Business Fluency is Not Optional
The gap between HR leaders who shape strategy and those who support it is not a matter of a seat at the table. It is a mindset. HR functions that wait to be invited into business conversations will keep getting invited late, after decisions have been made and implementation challenges have already been built in.
The shift requires HR to bring foresight rather than just analysis. Workforce capability gaps that will constrain the growth strategy in six months. Leadership risks visible in talent data before they surface as performance problems. Market-driven talent pressures that competitors are already responding to.
These aren’t HR issues. They are business risks and opportunities that HR is uniquely positioned to surface—and the leaders who frame them that way build a fundamentally different kind of credibility with the C-suite.
“Talent quality shows up directly in performance—productivity, speed of execution, and ultimately growth,” Esi says. “When you have the right culture, innovation accelerates. HR needs to speak that language, not the language of programs and initiatives.”
Data plays a critical role in strengthening that connection.

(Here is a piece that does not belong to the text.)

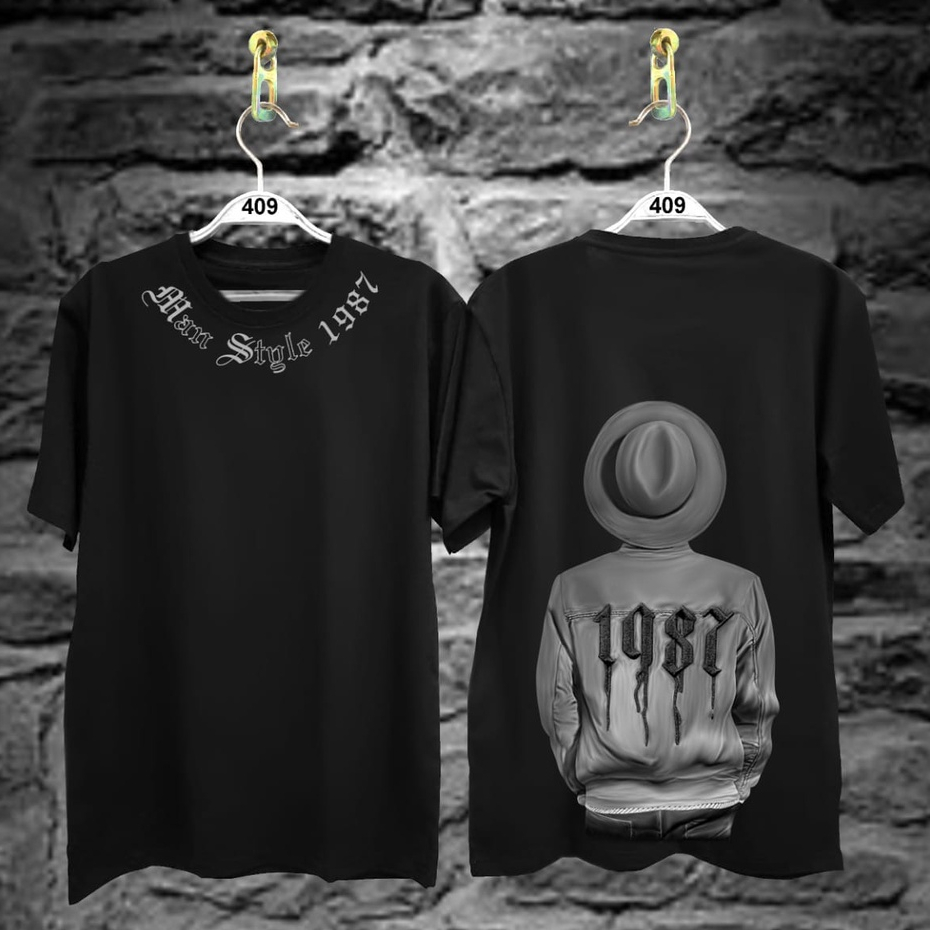 Kaos Tshirt Pria Terbaru Samurai Jepang Since 1987 Warna Hitam Distro Lengan Pendek Motif Sablon Bergambar Keren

Productivity metrics, leadership effectiveness scores, and workforce analytics that link people decisions to business outcomes give HR the same currency every other function uses to inform decisions and guide investment.
Compensation is Telling the Organization What You Actually Value
Most organizations treat pay as a retention mechanism. Esi treats it as a behavioral signal—one that communicates organizational priorities more clearly and more credibly than any values statement, culture initiative, or town hall ever will.

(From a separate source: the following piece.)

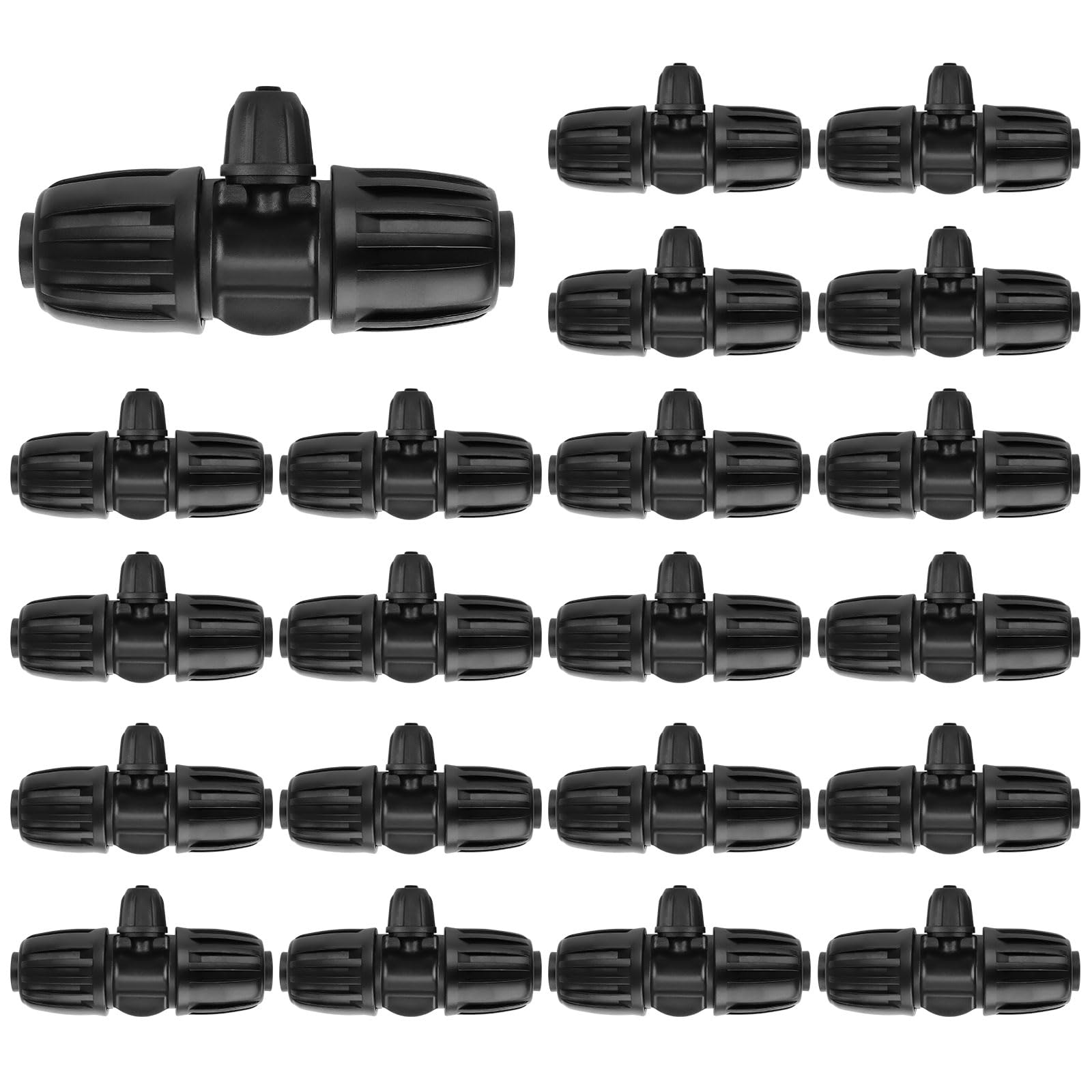 TOROKOM Locked Barbed Tee Connectors, 1/2” to 1/4” Drip Irrigation Fittings Kit 12/16mm to 4/7mm Tube Lock Female Connector 3-Way Barbed Lock Irrigation Parts for Watering System (20PCS)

How pay is structured tells every employee in the organization what is actually rewarded, regardless of what leadership says is important.

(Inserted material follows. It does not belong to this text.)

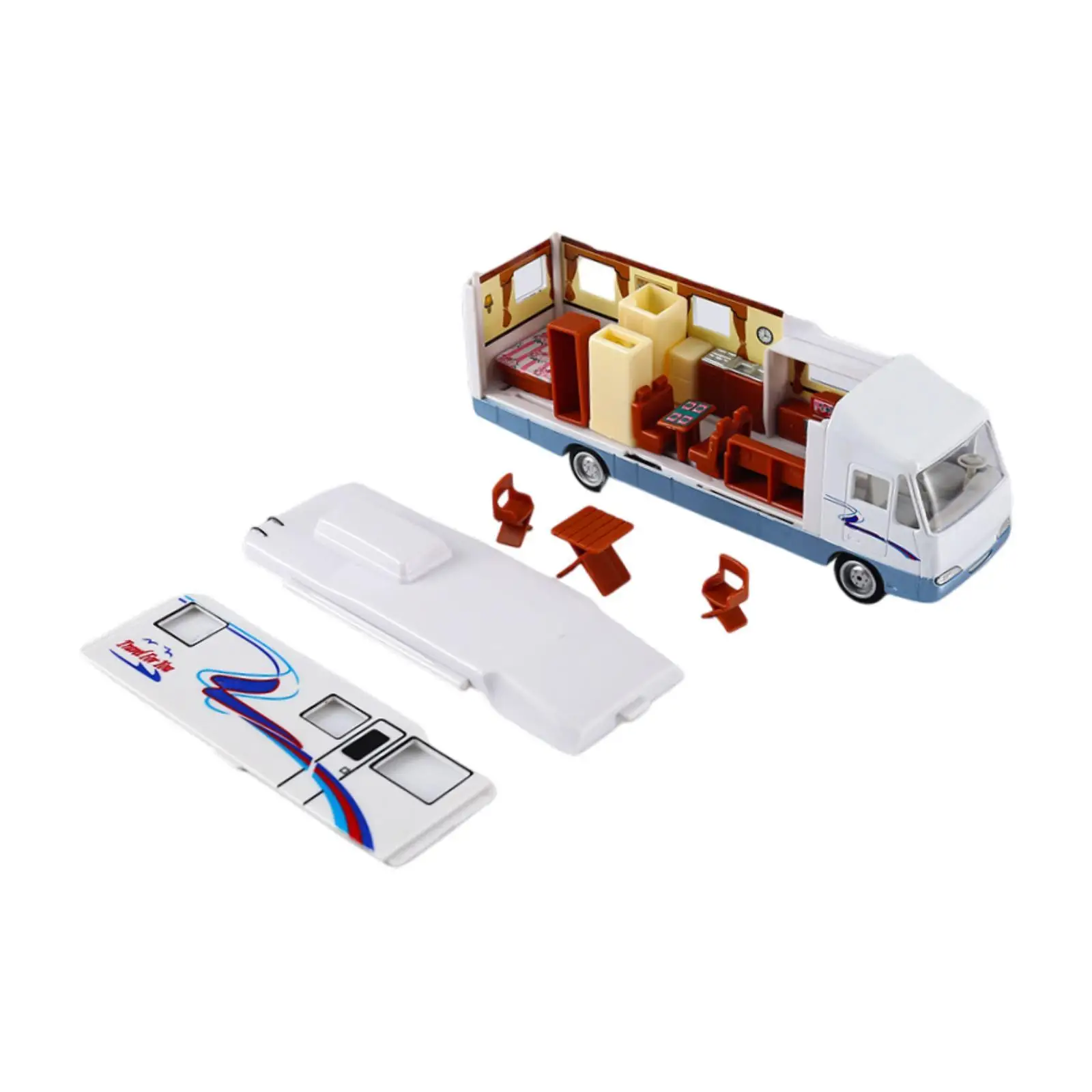 Modello RV in lega staccabile Fai finta di giocare in miniatura di veicoli RV con azione pull back per bambini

Linking compensation to leadership behaviors, collaboration, and long-term value creation—rather than exclusively to short-term results—transforms pay from a cost to be managed into a tool for reinforcing strategic priorities across the organization.
“Compensation doesn’t just reward performance—it defines it,” Esi says. “You use how you structure your pay programs to show the organization what is a priority and what the performance expectations are.”
AI is the Test HR Cannot Afford to Fail
“Most organizations are focusing on access to AI. The real risk is capability—having a workforce that doesn’t know how to apply it,” Esi says.
The organizations that pull ahead over the next decade will not simply be the ones that adopt AI fastest. They will be the ones that integrate AI with their people most effectively—and that integration is as much a workforce and capability challenge as it is a technology one.
Esi positions HR at the center of this shift—not in owning the technology, but in shaping how work evolves around it. This means rethinking job design, redefining required capabilities, and ensuring the workforce is genuinely equipped to leverage AI rather than simply exposed to it.
Two talent profiles matter: AI strategists who understand the technology in depth, and a broader workforce that develops day-to-day AI fluency as a baseline expectation.
“AI won’t eliminate the need for people,” Esi says, “but it will fundamentally change the roles they play. It will partner with people to give organizations that leverage it an edge.”
The HR leaders who build for that now are helping define what high-performing organizations look like in the near future. Those who treat it primarily as a technology deployment risk staying in a more reactive posture.
HR is a business function—but its impact is most powerful when it is closely aligned to business priorities, externally informed, and able to translate people insights into actions that support performance and growth.
The leaders who operate that way, fluent in the language of the business and focused on enabling outcomes, are the ones who shape organizations. Others will continue to play an important—but more supportive—role.